Presos políticos: la moneda de cambio del castrismo

    El pasado 14 de enero, el gobierno cubano anunció la excarcelación de 553 reos comunes, aunque es sabido que buena parte de ellos entran, según múltiples organizaciones internacionales, en la categoría de «presos políticos».

    El acuerdo del cayo

    Corría el año 1986 y Fidel Castro se encontraba disfrutando en uno de los pequeños y placenteros cayos de Cuba donde solía llevar amigos y tramar acuerdos con gente de confianza. Esa vez pasaron las dos cosas. El líder cubano hacía de anfitrión de dos grandes de la cultura latinoamericana, Gabriel García Márquez y Oswaldo Guayasamín, a la vez que intentaba estrechar lazos con el entonces presidente de España, Felipe González.

    En algún momento, relataría González muchos años después, Castro le dijo:

    —Entonces, ¿cuándo me vas a hablar de los presos?

    —¿Qué presos? —bromeó el presidente español, pero las bromas Fidel Castro «no las entendía muy bien».

    Hacia mediados de los ochenta la dictadura cubana también negaba la existencia de presos políticos. En todo caso, Castro prefería decir que esos reclusos habían cometido actos contra la Revolución, como espionaje, terrorismo o subversión, tres delitos asociados siempre a un pecado mayor: trabajar para un gobierno extranjero —es decir, Estados Unidos— para conseguir un cambio de régimen en la isla.

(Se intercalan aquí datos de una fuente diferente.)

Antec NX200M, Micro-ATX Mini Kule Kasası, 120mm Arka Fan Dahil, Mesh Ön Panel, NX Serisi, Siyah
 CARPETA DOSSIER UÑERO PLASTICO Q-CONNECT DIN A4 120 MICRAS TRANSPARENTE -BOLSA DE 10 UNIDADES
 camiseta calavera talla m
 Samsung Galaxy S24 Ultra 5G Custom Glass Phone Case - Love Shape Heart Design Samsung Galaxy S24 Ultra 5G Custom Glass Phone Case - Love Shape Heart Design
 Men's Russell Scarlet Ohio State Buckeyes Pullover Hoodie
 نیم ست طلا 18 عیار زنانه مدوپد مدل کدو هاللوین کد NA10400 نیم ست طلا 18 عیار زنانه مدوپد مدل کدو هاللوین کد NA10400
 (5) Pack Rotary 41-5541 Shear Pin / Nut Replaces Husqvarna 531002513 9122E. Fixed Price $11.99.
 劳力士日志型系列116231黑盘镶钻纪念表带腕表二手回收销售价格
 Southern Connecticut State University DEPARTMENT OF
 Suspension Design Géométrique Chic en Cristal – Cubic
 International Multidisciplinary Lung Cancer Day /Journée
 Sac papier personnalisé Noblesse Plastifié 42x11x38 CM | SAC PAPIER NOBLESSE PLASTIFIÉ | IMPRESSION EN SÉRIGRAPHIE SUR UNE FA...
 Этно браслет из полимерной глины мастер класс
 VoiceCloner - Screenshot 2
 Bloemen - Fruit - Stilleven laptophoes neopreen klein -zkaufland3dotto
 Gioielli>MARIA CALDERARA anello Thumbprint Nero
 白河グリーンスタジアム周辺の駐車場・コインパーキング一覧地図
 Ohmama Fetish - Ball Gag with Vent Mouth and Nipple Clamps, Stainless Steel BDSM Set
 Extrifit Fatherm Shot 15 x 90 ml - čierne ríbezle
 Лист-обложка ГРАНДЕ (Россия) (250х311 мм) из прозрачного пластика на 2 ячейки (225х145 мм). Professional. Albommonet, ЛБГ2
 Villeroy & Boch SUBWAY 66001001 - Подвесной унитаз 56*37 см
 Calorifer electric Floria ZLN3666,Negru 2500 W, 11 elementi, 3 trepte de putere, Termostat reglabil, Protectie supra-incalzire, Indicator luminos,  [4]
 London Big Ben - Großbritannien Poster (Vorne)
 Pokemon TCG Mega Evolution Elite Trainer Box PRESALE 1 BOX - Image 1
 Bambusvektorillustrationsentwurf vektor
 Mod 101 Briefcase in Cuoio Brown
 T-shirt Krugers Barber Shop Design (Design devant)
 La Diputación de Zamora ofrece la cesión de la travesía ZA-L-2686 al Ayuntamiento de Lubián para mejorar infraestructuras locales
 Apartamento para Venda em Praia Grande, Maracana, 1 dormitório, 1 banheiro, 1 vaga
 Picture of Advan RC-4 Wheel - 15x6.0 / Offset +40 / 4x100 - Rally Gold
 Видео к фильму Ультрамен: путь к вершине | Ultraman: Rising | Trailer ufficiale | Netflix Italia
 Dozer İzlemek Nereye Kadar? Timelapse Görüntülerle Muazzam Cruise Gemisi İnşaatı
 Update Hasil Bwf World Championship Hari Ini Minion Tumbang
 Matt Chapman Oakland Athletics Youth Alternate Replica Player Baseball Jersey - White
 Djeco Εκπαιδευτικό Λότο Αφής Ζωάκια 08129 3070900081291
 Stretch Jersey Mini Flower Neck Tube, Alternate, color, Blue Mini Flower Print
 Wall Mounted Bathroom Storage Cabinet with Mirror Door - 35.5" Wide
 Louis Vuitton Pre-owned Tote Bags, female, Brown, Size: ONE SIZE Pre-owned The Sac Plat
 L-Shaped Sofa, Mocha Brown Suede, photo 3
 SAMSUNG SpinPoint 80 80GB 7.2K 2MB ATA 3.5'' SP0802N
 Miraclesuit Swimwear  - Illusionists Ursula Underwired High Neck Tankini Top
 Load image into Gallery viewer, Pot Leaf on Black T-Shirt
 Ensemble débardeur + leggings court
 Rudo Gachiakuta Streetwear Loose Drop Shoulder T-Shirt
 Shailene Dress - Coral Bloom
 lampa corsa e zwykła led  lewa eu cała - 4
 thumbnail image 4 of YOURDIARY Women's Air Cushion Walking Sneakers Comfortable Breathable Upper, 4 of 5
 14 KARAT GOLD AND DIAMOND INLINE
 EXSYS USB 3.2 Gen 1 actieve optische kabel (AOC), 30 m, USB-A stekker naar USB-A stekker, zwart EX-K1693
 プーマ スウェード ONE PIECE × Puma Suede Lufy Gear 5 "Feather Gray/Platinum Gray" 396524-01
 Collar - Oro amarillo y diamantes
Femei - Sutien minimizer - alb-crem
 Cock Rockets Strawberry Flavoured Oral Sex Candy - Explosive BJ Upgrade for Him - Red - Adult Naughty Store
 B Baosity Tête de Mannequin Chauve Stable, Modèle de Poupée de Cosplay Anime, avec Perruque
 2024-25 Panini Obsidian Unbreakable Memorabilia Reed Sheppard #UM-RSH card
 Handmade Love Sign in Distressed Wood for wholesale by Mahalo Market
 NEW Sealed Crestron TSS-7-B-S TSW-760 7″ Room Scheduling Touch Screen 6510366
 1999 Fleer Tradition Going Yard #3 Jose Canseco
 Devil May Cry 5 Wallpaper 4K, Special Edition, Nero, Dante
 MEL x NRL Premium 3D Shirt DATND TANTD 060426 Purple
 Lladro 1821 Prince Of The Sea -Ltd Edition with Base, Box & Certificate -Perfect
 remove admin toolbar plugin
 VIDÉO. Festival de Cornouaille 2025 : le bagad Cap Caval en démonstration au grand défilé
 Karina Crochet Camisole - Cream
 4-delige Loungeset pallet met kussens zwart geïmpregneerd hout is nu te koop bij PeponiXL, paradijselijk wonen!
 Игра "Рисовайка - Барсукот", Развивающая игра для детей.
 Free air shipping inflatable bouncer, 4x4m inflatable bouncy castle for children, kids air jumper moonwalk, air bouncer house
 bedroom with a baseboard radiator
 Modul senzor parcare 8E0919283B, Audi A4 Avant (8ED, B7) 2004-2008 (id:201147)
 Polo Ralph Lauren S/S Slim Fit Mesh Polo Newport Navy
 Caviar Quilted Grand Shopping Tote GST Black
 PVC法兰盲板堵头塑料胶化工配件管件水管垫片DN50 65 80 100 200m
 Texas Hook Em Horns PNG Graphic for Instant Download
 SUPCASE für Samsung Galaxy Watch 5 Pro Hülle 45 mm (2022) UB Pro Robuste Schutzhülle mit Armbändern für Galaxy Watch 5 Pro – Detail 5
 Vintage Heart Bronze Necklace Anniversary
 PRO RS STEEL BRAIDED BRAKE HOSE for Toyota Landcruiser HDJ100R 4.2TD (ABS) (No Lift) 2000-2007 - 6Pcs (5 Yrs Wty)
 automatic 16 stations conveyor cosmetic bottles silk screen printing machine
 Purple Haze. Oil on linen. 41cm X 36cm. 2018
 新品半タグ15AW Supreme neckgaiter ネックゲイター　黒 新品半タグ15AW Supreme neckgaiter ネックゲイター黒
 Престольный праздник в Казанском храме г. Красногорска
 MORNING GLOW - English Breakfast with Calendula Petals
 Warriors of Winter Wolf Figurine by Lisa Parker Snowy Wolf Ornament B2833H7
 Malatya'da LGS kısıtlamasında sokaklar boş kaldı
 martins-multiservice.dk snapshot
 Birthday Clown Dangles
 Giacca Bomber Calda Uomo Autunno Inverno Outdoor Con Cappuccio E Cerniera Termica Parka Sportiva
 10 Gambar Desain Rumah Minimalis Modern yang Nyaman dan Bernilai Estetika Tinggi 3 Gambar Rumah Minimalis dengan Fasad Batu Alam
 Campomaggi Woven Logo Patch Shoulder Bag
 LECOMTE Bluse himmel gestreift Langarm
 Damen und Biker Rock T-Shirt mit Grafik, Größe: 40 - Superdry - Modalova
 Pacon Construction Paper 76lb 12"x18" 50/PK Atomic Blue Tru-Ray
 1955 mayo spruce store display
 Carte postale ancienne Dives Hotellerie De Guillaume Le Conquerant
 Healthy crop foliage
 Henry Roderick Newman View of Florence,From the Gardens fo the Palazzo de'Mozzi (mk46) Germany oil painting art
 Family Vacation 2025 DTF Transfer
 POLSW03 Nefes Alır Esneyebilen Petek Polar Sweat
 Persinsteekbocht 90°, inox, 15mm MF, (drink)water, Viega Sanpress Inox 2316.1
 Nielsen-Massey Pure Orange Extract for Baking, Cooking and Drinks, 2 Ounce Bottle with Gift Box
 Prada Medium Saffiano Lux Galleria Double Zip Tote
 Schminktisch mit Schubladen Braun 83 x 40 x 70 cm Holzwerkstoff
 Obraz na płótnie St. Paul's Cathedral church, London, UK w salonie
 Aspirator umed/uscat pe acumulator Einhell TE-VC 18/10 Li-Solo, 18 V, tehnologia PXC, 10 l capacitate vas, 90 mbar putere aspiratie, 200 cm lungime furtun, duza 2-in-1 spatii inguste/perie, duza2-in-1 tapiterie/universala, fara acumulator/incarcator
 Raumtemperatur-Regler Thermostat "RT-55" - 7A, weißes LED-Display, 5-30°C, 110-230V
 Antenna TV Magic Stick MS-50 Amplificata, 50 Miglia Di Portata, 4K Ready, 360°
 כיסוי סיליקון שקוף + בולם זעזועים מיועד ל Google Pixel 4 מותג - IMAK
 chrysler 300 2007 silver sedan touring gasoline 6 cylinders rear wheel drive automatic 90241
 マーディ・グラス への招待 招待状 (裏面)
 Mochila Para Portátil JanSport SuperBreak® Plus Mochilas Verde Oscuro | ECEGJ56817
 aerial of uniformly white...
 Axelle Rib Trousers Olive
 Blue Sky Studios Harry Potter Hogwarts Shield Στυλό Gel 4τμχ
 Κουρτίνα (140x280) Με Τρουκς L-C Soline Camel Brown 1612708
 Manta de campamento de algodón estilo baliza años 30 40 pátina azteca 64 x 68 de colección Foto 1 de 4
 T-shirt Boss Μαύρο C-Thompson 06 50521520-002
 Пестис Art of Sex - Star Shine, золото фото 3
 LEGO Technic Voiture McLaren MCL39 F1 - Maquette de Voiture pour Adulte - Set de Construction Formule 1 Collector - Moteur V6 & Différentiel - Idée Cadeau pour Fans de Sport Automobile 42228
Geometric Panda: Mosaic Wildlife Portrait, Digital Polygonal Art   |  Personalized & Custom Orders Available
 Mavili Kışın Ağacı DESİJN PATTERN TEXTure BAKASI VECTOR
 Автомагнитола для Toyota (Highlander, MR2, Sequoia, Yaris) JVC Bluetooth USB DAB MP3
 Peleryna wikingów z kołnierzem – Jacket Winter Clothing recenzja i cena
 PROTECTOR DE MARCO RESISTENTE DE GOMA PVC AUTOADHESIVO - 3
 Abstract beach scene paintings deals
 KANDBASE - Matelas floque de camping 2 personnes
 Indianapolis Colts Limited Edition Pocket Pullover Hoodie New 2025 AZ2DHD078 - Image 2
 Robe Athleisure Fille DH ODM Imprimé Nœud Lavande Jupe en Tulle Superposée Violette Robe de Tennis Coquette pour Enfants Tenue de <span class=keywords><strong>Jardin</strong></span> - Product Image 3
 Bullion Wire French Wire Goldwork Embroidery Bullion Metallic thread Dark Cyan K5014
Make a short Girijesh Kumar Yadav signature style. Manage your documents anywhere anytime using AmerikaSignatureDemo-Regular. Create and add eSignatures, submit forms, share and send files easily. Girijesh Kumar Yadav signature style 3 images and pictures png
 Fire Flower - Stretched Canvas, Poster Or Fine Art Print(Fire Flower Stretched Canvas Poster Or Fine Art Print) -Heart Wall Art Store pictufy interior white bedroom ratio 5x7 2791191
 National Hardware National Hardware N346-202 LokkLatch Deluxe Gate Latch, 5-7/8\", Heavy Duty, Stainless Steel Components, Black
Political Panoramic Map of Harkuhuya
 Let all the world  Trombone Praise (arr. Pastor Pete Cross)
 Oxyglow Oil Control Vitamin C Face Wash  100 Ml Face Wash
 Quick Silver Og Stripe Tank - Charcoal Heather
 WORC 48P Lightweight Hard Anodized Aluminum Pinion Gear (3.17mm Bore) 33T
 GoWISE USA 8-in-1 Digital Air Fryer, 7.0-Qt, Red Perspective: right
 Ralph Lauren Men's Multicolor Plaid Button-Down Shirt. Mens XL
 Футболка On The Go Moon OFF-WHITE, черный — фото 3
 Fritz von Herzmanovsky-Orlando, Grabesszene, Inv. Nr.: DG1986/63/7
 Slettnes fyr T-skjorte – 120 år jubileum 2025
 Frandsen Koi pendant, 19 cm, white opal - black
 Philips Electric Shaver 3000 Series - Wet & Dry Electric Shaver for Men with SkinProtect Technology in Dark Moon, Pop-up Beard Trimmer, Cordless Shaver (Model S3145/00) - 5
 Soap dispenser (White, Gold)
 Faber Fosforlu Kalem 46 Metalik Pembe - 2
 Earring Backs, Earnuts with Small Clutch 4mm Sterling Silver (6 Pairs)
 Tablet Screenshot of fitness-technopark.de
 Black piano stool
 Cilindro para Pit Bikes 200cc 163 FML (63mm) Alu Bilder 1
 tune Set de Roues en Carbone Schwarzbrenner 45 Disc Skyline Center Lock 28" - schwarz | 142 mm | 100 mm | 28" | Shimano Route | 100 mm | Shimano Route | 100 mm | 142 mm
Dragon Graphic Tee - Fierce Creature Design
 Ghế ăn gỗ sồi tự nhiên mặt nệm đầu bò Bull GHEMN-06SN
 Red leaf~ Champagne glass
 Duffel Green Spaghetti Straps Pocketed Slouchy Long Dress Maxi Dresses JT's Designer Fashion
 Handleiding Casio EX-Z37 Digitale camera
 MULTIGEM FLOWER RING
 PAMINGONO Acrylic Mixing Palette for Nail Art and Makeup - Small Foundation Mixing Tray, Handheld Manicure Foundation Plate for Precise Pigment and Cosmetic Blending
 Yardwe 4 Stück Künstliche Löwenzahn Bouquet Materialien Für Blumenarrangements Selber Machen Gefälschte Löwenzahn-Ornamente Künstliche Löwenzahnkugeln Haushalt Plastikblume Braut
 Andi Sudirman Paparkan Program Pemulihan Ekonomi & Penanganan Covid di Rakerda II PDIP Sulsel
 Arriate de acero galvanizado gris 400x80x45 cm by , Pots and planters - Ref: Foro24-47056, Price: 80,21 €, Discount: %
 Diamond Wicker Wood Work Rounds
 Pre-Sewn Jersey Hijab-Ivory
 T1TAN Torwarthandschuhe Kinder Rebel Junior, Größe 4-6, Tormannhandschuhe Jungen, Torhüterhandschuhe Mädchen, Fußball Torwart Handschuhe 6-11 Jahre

    Explicaría González al rememorar aquel encuentro que por entonces todo el que iba a La Habana —gente, por supuesto, de su nivel— llevaba consigo al menos «tres listas»: «una que es la que te da la CIA»; otra, «la de los españoles de origen» que creían tener derecho a que él los defendiera, aunque Cuba no reconocía la doble nacionalidad, y, por último, una con aquellos que él consideraba «presos políticos».

    Felipe González insistió entonces en la liberación de uno de los más conocidos prisioneros del castrismo: el excomandante revolucionario Eloy Gutiérrez Menoyo. Castro terminaría accediendo a su pedido, no sin esperar quizá alguna muestra de agradecimiento por parte de su homólogo. Cuenta González que entonces le mencionó a su interlocutor varias de las figuras que hasta ese momento habían ido a Cuba a llevarse un «pocotón de presos» y con sorna imitó sus agradecimientos.

    —Pero, ¿qué otra cosa pueden hacer? —dijo el otro.

    —Lo que voy a hacer yo. Tú los liberas o no, es tu problema. Pero lo que no vas a esperar de mí es que yo te dé las gracias porque pongas en libertad a quien no debe estar preso.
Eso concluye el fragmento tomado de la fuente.